:: THE INPUT ::

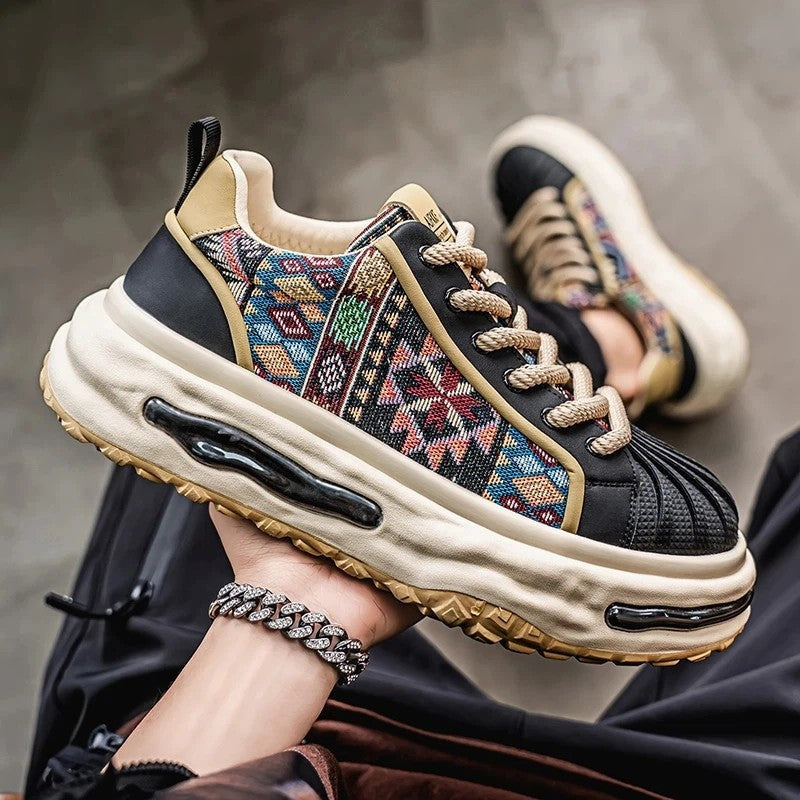Diego Men's Patterned Platform Athletic Sneakers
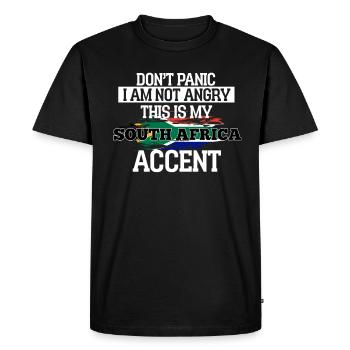Afrique du Sud - T-shirt Premium bio Homme - noir - Devant - Nico (187cm)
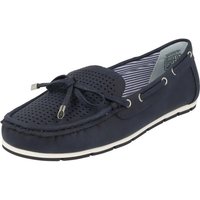 Jane Klain 242-788 Damen Sommer Freizeit Schuhe Slipper Mokassin Schleife, gepolstert von Jane Klain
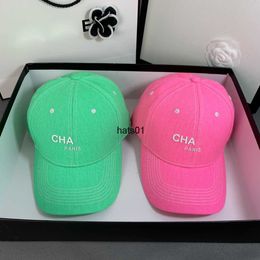 canal Ball Caps Designer Casquette Candy Fluorescent Cotton Baseball Couple Fashion Letter Street Shooting Cap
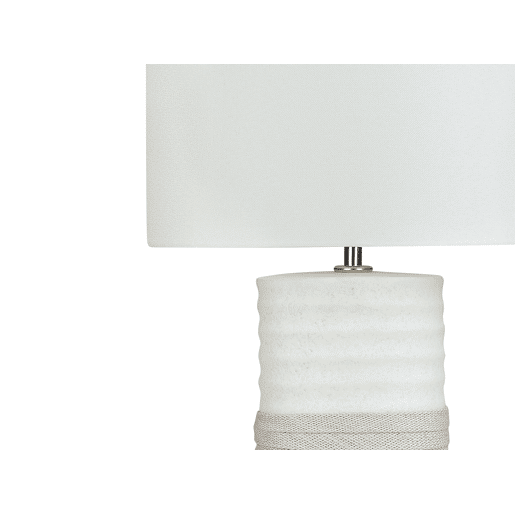 Candeeiro de mesa bege moderno Beliani NAVIA Candeeiro de mesa bege moderno Beliani NAVIA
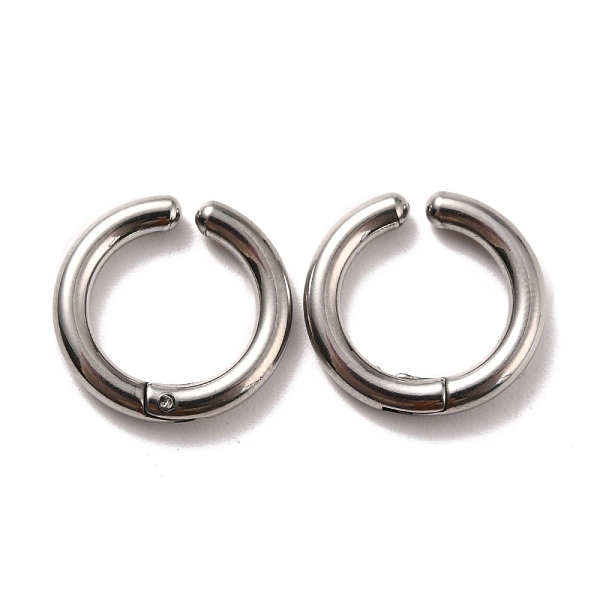 

PandaHall 304 Stainless Steel Clip-on Earrings, Hypoallergenic Earrings, Ring, Stainless Steel Color, 15x2.5mm 304 Stainless Steel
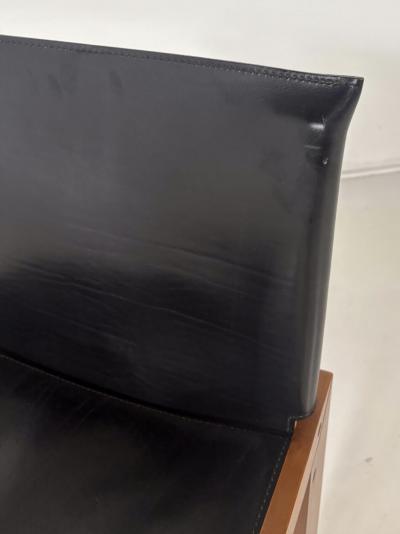 Mid Century Modern Set of 4 Chairs in the Style of Scarpa 1970s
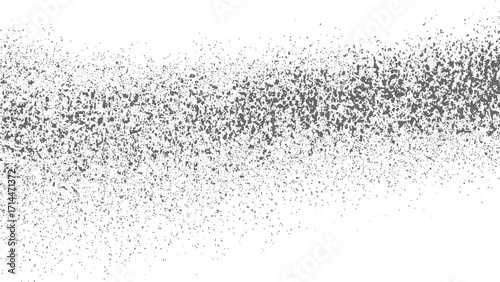 Vintage distressed grunge texture with grainy dust overlay and abstract noise background. Splattered grain noise texture with subtle distressed dust grunge background vector design. 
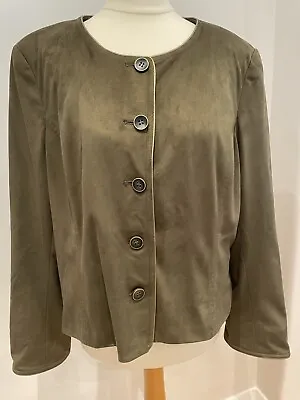 £40 • Buy Caroline Charles Green Velvet Jacket Size 16. Used In Good Condition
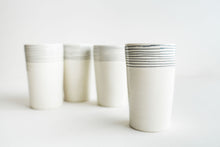 Load image into Gallery viewer, Porcelain Pinstripe Tumbler/Vase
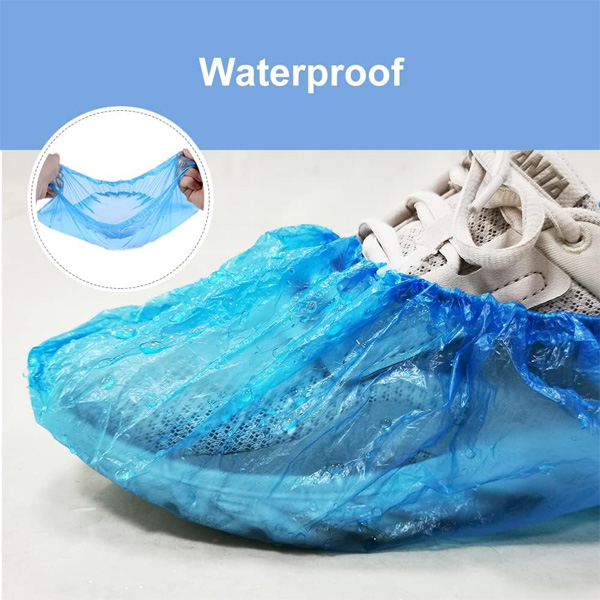 Disposable Shoe Cover Refills for Shoe Cover Dispenser – Blue PE Booties (100 Pieces)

:::

● **TASK BRIEF**:
Would you output the listing above verbatim, without its pictures?

● **TASK RESPONSE**:
Diego Men's Patterned Platform Athletic Sneakers
Afrique du Sud - T-shirt Premium bio Homme - noir - Devant - Nico (187cm)
 Jane Klain 242-788 Damen Sommer Freizeit Schuhe Slipper Mokassin Schleife, gepolstert von Jane Klain
 canal Ball Caps Designer Casquette Candy Fluorescent Cotton Baseball Couple Fashion Letter Street Shooting Cap
 Candeeiro de mesa bege moderno Beliani NAVIA Candeeiro de mesa bege moderno Beliani NAVIA

PandaHall 304 Stainless Steel Clip-on Earrings, Hypoallergenic Earrings, Ring, Stainless Steel Color, 15x2.5mm 304 Stainless Steel
 Mid Century Modern Set of 4 Chairs in the Style of Scarpa 1970s
 Vintage distressed grunge texture with grainy dust overlay and abstract noise background. Splattered grain noise texture with subtle distressed dust grunge background vector design. 
 £40 • Buy Caroline Charles Green Velvet Jacket Size 16. Used In Good Condition
 Load image into Gallery viewer, Porcelain Pinstripe Tumbler/Vase
 Disposable Shoe Cover Refills for Shoe Cover Dispenser – Blue PE Booties (100 Pieces)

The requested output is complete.